Somewhere below are a line with "İyi giyimli, gözlüklü" and a later line with "A creative double-exposure". Output exactly those lines and all lines between them.

Input material
━━━━━━━━━━━━━━━━━━━━━━━━━━━━━━

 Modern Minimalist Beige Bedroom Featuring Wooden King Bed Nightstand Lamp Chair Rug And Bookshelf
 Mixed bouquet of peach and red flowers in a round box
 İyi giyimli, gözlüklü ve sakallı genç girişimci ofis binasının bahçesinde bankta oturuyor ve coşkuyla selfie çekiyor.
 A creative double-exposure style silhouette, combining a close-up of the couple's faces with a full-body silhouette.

━━━━━━━━━━━━━━━━━━━━━━━━━━━━━━

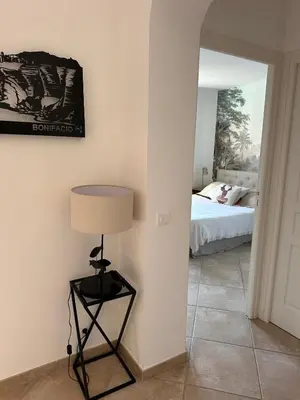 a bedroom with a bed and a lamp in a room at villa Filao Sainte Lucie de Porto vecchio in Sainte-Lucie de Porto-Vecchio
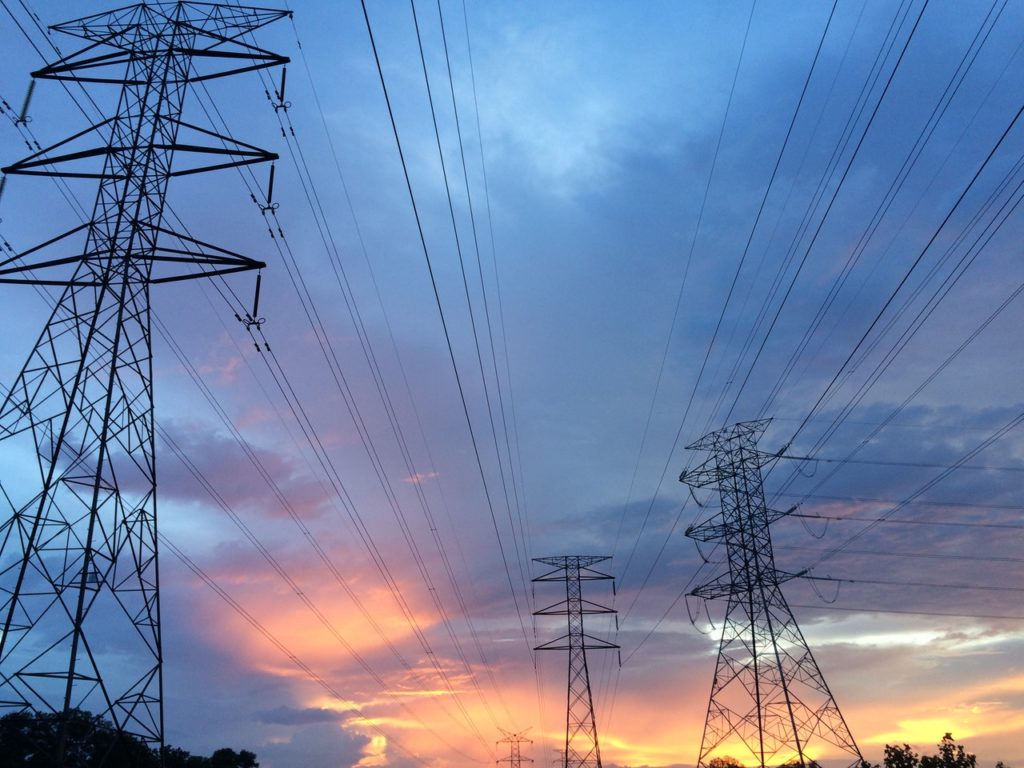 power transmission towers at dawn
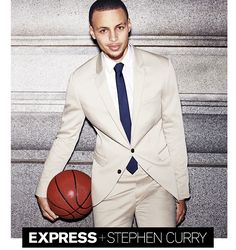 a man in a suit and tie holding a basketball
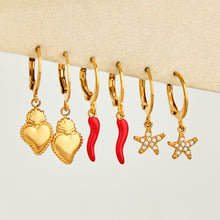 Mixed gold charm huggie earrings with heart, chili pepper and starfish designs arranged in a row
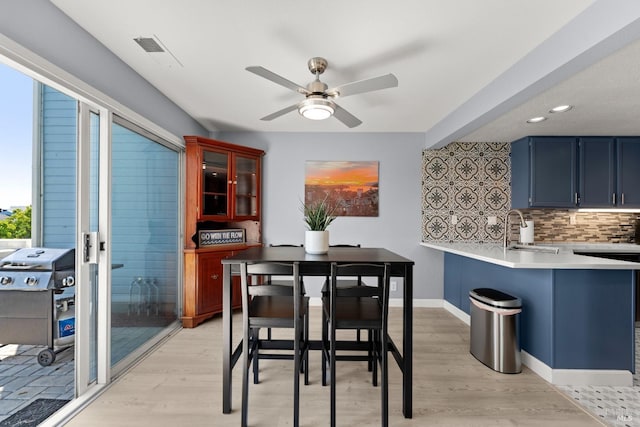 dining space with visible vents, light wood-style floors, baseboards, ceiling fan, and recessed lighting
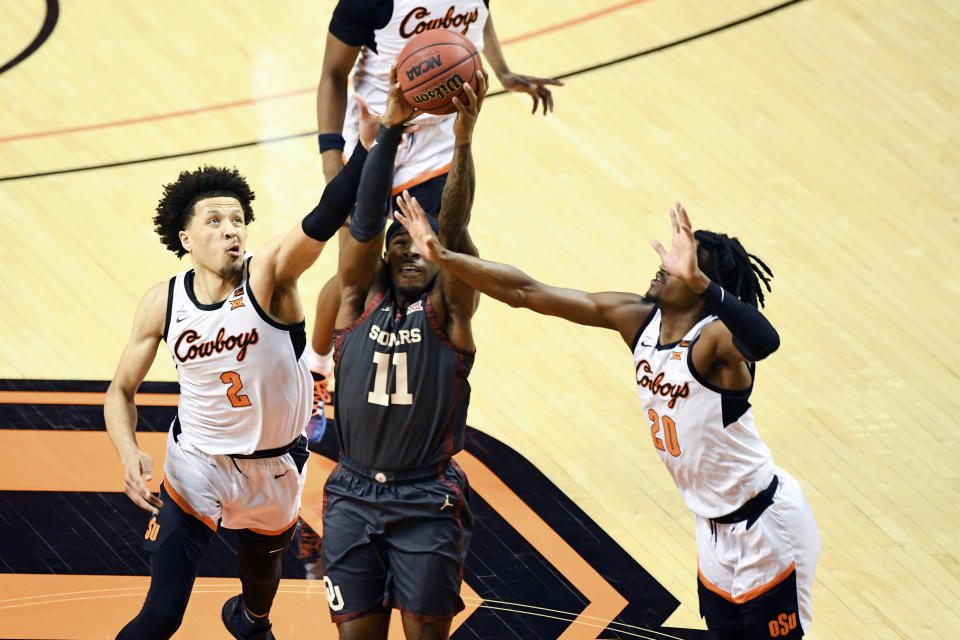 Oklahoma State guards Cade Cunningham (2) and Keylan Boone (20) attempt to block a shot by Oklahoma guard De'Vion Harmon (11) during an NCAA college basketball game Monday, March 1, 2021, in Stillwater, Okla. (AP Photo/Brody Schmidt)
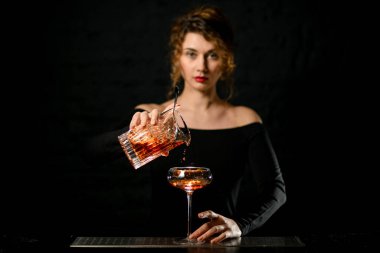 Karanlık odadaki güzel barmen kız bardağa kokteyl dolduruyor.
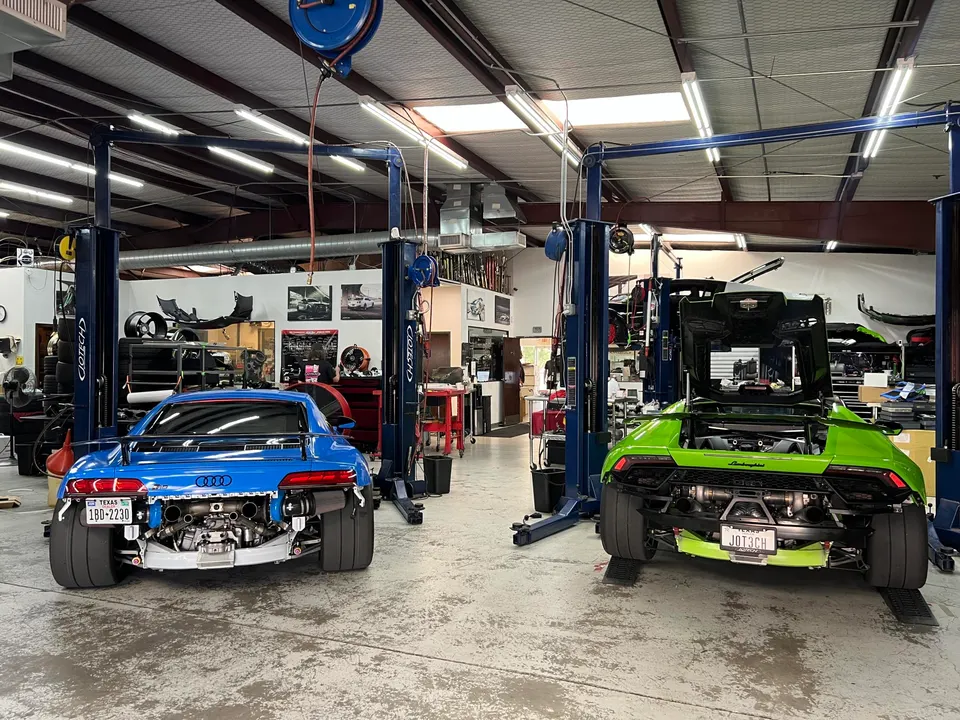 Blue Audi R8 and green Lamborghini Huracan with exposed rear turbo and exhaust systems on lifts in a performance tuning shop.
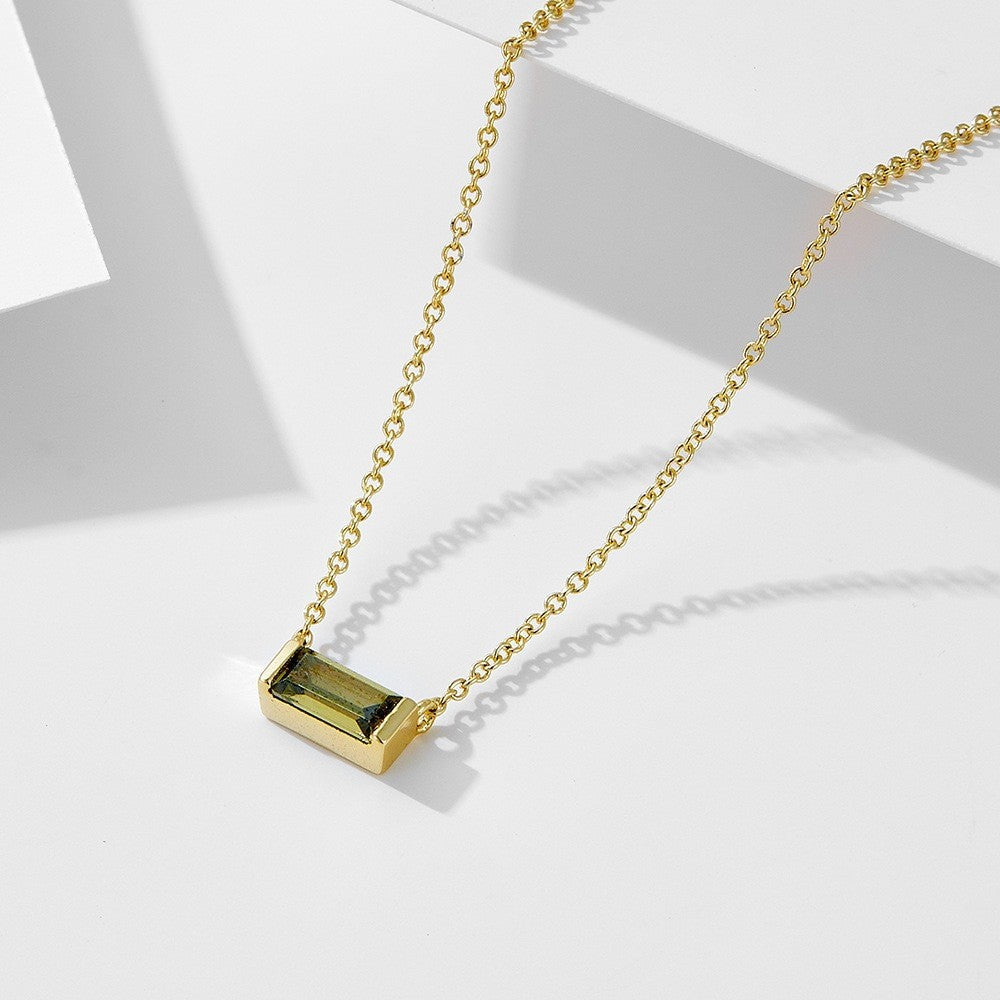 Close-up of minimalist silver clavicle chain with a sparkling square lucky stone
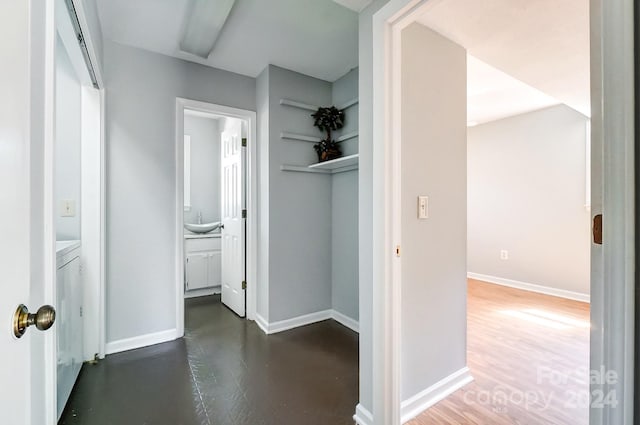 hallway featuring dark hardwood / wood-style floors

━━━━━━━━━━━━━━━━━━━━━━━━━━━━━━

Response area
 İyi giyimli, gözlüklü ve sakallı genç girişimci ofis binasının bahçesinde bankta oturuyor ve coşkuyla selfie çekiyor.
 A creative double-exposure style silhouette, combining a close-up of the couple's faces with a full-body silhouette.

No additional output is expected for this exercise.